Die Investitionsquote dieses für Portugal immer wichtigeren (und von der EU unterstützten) Produktions-Sektors lag im Jahr 2020 bei 25,13 Prozent. Zum Vergleich: der nationale Durchschnitt lag bei 21,72 Prozennt. Was aus den INE-Zahlen auch hervorgeht: »Die Ausgaben für das Unternehmenspersonal lagen in diesem Wirtschaftszweig pro Beschäftigten bei 21.457,93 Euro – ein Wert, der 148 Prozent über dem nationalen Gesamtdurchschnitt und 5 Prozent über dem des im Automobilsektor praktizierten Wertes liegt.«
Aktuelle Hürde Komponenten-Verfügbarkeit
Natürlich ist nicht alles Gold, was glänzt.

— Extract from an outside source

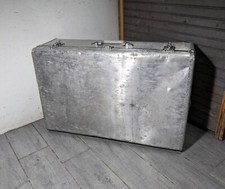 Mala de viagem vintage era da máquina industrial rebitada alumínio tronco steampunk comprar usado  Enviando para Brazil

Eines der größten Probleme, mit denen die nationalen Unternehmen derzeit konfrontiert sind, ist (wie sollte es anders sein) die Knappheit einiger (weiterhin in Asien produzierter) Komponenten auf dem Markt. Aufgrund der Corona-bedingten Lieferproblematik und des teureren Transports ist es zu Verzögerungen und Preiserhöhungen in der Produktion gekommen. Genau deshalb würde derzeit stark in Innovationen investiert. So wolle man die Unabhängigkeit der heimischen Fahrradproduktion erhöhen. Darin sehen die Portugiesen den Schlüssel zum Erfolg.
»Die Suche nach kurzen Vertriebsketten ist eine Marktanforderung und für uns eine Notwendigkeit. Deshalb investiert der nationale Sektor zunehmend in Forschung und Entwicklung. Um uns weiterhin auf höchstem Niveau im internationalen Sektor zu behaupten, haben wir vor, eine für Portugal von grundlegender Bedeutung neue Einheit zu schaffen.«
So habe man zum Beispiel im Zusammenhang mit E-Bikes zum ersten Mal alle Tests in Portugal durchgeführt – und zwar größtenteils in den Einrichtungen von ABIMOTA. Dafür wurde in den letzten Jahren groß in die Testeinrichtungen der ABIMOTA-Zentrale in Borralha investiert. Die dort aufgebauten und erworbenen Ressourcen würden es der heimischen Fahrradindustrie ermöglichen, auf hohem Niveau auf die Bedürfnisse der Partner und des Sektors zu reagieren.
Übrigens: Die Auswahl und die Investition in diese Ressourcen zielen auch immer mehr in die Entwicklung des sanften Mobilitäts-Sektors. Anders ausgedrückt: Die Testanlagen für E-Scooter und Lastenfahrräder wurden strategisch ausgebaut.